→ **Problem description**:
Restate exactly, and only, the lines from the one with "三年级作文：我学会了滑旱冰" through the end of the data, with both of those end lines kept. Drop any pictures.

→ **Collected data**:

····················

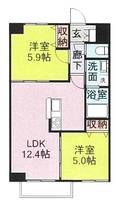 物件の間取り画像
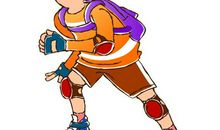 三年级作文：我学会了滑旱冰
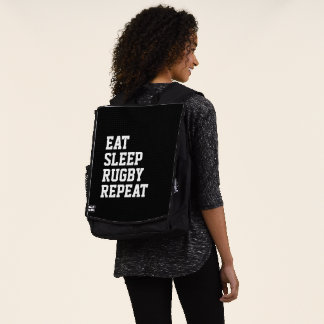 Mochila Comer Sleep Rugby Repetir el rugby con el humor de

····················

→ **Exercise answer**:
 三年级作文：我学会了滑旱冰
 Mochila Comer Sleep Rugby Repetir el rugby con el humor de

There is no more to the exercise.